45. The computer-implemented method according to claim 41, wherein the method further comprises the step of:

performing a quantitative binding assay on at least one candidate peptide to determine the ability of the at least one candidate peptide to compete with the binding of the at least one substrate.

46. The computer-implemented method according to claim 41, wherein the sequence generative model comprises a Boltzmann Machine and/or autoregressive model.

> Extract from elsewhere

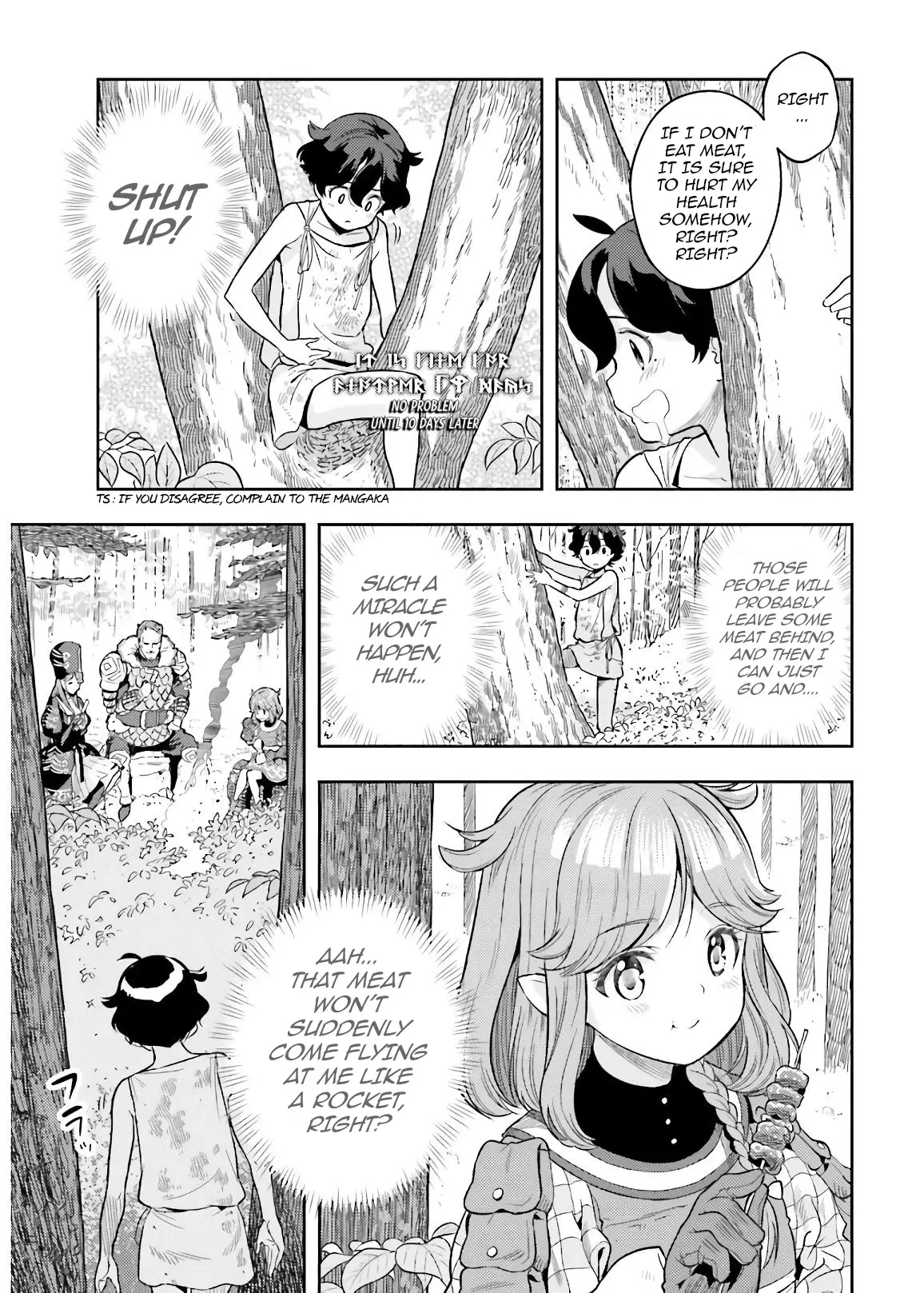 Genkai Koe No Tenpu Wa, Tensei-Sha Ni Shika Atsukaenai - Overlimit Skill Holders - - 2.2 page 9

47. The computer-implemented method according to claim 46, wherein the Boltzmann Machine comprises a compositional Restricted Boltzmann Machine.

48. The computer-implemented method according to claim 41, wherein a two-stage sequence-based statistical filtering protocol is applied to results of the homology/orthology search to eliminate presumed non-interacting homologs.